3. Wrong step URLs configured:
- Path steps point to pages people don't visit
- URLs contain query parameters not matching
Solution: Review path configuration. Update step URLs.
Issue: No Conversions Showing Despite Entries
Possible causes:
1. Conversions only at final step:
- This is normal behaviour
- Intermediate steps show entries only
- Conversions appear at path completion
Solution: This is expected. No action needed.
2. Path completion not firing:
- Conversion event not triggered
- is_path_completion flag not set correctly
Solution: Review conversion tracking code. Test completion event.
3. Date range issue:
- Entries happened but conversions not yet (long sales cycle)
- Looking at current day's data still processing
Solution: Extend date range or wait for data processing.
Issue: Numbers Don't Match Other Reports
Common reasons:
1. Different counting methodologies:
- Funnel uses session-level counting
- Other tools may use visitor or event counting
- Both can be "correct" with different definitions
2. Different time windows:
- Funnel uses selected date range
- Other reports may use different periods
- Attribution windows differ
3. Different filters applied:
- Campaign filter changes numbers
- Device filters affect results
- Date range boundaries vary
Solution: Focus on trends within each tool rather than expecting exact matches. Use SERP360 for attribution insights and overall trends.
Frequently Asked Questions
Q: Why do I only see conversions at the final step?
A: This is expected behaviour for most paths. Conversions represent path completions, which only happen when someone reaches the end. Intermediate steps show entries and drop-offs, not conversions. If you want to track partial completions, set up separate conversion paths for those intermediate goals.

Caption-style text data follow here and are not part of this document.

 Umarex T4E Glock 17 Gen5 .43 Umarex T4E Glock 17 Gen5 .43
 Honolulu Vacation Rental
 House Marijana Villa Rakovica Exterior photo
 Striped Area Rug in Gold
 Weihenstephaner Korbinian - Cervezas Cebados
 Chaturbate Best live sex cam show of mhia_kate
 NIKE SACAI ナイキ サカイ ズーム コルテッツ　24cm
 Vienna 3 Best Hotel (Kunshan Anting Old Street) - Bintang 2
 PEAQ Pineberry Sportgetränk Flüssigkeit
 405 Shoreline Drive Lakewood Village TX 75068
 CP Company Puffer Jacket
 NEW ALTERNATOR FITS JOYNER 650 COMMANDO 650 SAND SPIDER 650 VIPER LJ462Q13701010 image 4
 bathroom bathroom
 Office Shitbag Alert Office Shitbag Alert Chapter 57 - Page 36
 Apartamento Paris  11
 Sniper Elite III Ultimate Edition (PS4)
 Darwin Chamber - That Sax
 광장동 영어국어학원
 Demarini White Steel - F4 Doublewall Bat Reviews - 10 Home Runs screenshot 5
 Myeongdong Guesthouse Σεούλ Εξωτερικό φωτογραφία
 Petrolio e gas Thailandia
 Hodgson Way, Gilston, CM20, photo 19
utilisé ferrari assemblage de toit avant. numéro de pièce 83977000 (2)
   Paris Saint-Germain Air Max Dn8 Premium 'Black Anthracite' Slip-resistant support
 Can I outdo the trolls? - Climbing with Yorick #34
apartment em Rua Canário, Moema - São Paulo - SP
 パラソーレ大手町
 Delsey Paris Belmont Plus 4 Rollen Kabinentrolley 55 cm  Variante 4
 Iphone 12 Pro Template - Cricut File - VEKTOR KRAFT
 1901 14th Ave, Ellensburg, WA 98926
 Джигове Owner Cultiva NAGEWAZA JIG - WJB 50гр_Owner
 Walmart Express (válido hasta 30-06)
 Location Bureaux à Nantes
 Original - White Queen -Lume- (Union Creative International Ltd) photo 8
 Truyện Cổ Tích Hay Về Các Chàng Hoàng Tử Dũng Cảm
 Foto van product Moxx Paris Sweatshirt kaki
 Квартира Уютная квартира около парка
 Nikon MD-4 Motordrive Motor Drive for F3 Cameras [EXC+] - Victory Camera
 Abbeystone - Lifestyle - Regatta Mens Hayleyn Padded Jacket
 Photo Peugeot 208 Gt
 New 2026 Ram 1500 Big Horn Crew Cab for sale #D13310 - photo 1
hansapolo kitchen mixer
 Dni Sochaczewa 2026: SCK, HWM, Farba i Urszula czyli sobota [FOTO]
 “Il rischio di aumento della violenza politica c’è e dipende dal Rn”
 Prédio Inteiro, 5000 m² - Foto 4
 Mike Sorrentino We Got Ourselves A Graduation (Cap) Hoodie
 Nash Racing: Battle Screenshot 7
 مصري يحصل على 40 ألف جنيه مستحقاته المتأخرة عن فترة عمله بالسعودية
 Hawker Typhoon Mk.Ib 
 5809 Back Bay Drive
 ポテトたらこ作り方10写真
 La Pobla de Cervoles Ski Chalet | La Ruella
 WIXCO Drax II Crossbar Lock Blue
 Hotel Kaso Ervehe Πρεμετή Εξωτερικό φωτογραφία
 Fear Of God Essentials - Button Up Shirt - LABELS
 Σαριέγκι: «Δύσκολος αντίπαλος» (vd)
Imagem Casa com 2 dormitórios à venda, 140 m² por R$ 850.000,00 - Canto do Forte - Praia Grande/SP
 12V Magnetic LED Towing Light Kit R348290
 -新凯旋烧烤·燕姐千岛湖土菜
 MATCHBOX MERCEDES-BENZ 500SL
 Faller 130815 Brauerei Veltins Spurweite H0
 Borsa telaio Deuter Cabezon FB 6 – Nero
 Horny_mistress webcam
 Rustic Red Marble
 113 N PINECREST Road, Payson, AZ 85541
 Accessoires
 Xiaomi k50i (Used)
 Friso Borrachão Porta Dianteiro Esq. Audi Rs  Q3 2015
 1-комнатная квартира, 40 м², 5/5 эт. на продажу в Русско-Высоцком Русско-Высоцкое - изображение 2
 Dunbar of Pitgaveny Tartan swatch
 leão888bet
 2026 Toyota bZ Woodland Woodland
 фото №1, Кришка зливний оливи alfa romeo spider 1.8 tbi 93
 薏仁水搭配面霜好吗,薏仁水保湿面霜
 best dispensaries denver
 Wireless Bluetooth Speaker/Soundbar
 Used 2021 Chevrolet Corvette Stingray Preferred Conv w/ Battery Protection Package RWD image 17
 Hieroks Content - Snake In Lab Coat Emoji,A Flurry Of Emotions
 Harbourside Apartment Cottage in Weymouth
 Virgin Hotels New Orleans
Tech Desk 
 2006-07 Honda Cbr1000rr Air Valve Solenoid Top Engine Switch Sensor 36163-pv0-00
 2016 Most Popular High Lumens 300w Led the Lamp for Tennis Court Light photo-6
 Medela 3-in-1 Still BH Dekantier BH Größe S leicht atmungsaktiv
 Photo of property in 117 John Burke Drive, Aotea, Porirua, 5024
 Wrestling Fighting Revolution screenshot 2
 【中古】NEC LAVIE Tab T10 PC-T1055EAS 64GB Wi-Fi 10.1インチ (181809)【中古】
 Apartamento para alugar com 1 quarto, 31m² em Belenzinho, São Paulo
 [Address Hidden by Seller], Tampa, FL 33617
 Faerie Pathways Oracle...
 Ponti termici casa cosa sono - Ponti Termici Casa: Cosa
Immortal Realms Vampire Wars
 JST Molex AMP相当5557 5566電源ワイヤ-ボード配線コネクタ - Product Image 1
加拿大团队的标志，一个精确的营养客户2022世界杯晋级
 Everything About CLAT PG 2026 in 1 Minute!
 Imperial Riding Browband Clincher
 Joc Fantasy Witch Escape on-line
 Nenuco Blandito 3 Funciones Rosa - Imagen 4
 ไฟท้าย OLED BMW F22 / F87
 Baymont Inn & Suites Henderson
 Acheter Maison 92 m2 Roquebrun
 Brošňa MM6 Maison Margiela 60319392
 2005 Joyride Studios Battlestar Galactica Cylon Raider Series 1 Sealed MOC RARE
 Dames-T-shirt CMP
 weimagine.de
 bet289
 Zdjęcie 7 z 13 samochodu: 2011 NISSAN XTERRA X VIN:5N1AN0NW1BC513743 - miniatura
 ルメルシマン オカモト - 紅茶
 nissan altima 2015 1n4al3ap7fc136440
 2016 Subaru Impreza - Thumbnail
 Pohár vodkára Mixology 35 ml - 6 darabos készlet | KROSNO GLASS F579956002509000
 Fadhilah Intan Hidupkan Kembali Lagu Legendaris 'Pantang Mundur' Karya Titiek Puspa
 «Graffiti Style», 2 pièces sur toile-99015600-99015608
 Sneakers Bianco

Q: What's a "good" drop-off percentage?
A: It varies enormously by industry, path complexity, and step type. As general guidelines:
- Simple paths (2-3 steps): 30-50% average drop per step
- Complex paths (4-6 steps): 40-60% average drop per step
- High-commitment actions: 70%+ drop is common at critical steps
Focus on improving YOUR baseline rather than hitting arbitrary benchmarks.
Q: Should I be concerned if converting sessions ≠ unique visitors?
A: No, that's actually good news! When unique visitors is lower than converting sessions, it means some customers liked your product so much they came back to buy again. That's loyalty and repeat business – exactly what you want.
Q: Why can't I see visitor-level metrics?
A: You're likely in cookieless tracking mode for this domain. Cookieless mode provides privacy-focused analytics but with reduced journey tracking. You'll see entries and aggregate conversions, but not detailed visitor tracking across sessions.
Q: How do I improve a step with 80%+ drop-off?
A:
- Test the journey yourself – what's confusing or broken?
- Watch session replays of users who drop off
- Check if it's a traffic quality issue (wrong audience)
- Consider adding an intermediate step to reduce the ask
- A/B test radical changes, not minor tweaks
- Get user feedback through surveys or interviews
Q: Can I export the funnel data?
A: Yes! Use the export menu (☰) in the top-right corner to download as PNG, JPEG, PDF, or SVG for presentations and reports.
Q: What if my first step has very few entries despite high website traffic?
A: This indicates a tracking configuration issue. Your path steps may be set to URLs that visitors don't actually visit, or your tracking code isn't firing correctly on those pages. Review your path configuration and tracking implementation.